QBIC includes error handling routines, which you can call at the beginning of your program or before QBIC calls. See "QBIC Error Handling Routines" on page 165 for information.
The QBIC API contains advanced features that can speed up a QBIC search and improve QBIC feature extraction. These advanced features are not supported in this QBIC release, although some methods that support these advanced features are included in this API. If you are interested in implementing any of the following features in your applications, contact IBM. See "Licensing Information" on page xiii for how to contact IBM.
Many of the QBIC feature classes support the concept of SubPart or Object features. SubPart and Object features represent feature data that is computed for only part of an image, the "part" being selected by an mask image.
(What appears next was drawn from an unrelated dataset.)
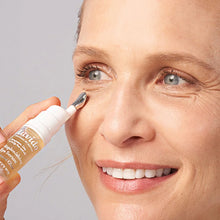 Load image into Gallery viewer, Smiling woman rolling Lavido Instant Glow Restorative Eye Serum under her eye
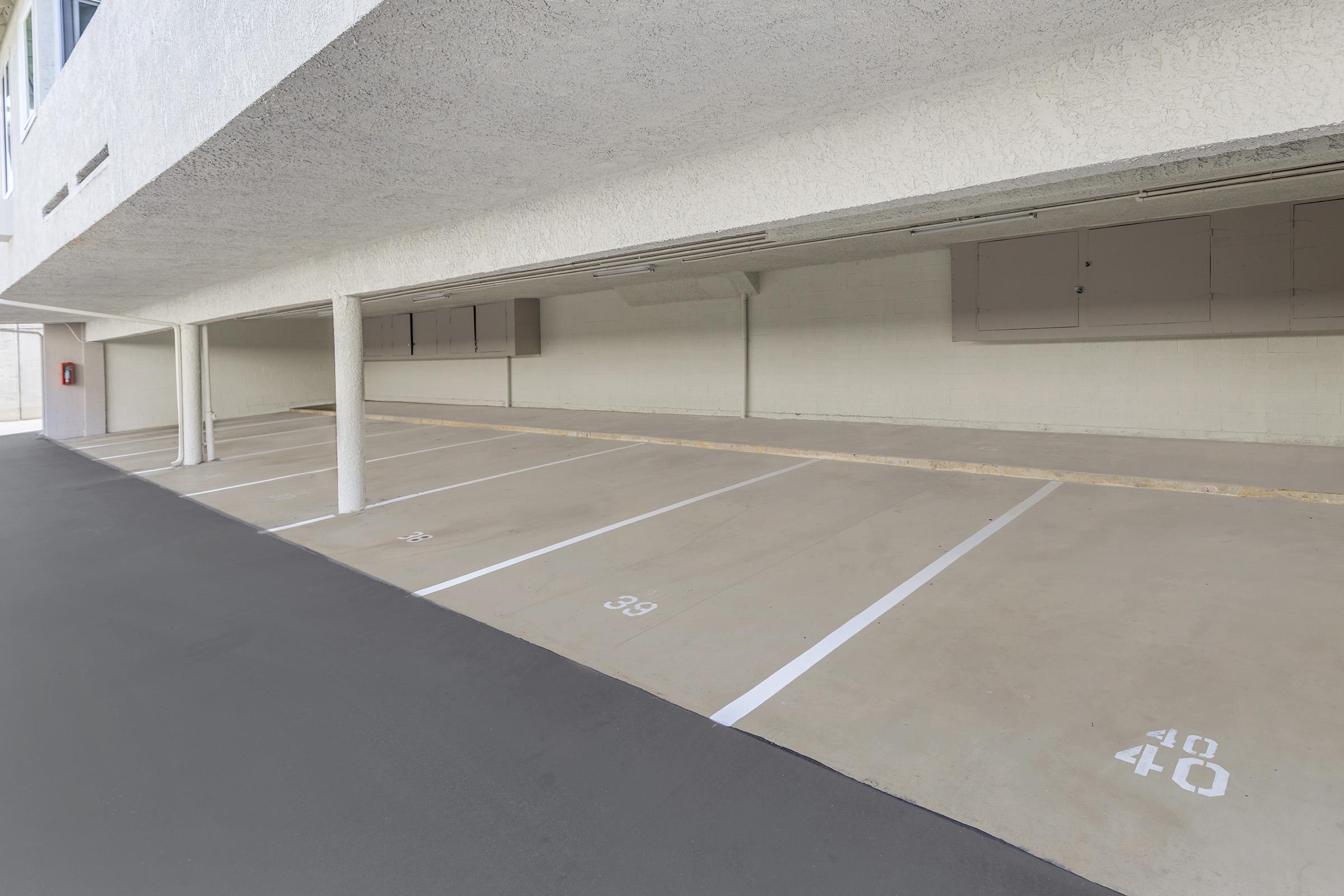 an empty parking lot in front of a building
Queries are computed for these subimages using the SubPartFeatureClass.
To speed up queries for very large databases, QBIC has a method that organizes feature vectors into clusters for a given feature class. This feature is called cluster indexing.
If cluster indexing is enabled, QBIC will match against a subset of the feature vectors during a query, thereby reducing the query time. The cluster tables are stored in special database files. Modifications, such as the addition or deletion of records, are handled by the QbCatalogClass.
This QBIC advanced feature provides the ability to store the top results of the image keys inside a database to any query keys also inside the database. Using this feature if a user submits a query using a key inside the database which is often the case, QBIC only needs to read a record from a special database file and return the result.
As with cluster indexing, modifications to the database are handled by the QbCatalogClass. Extra data is stored in the global information.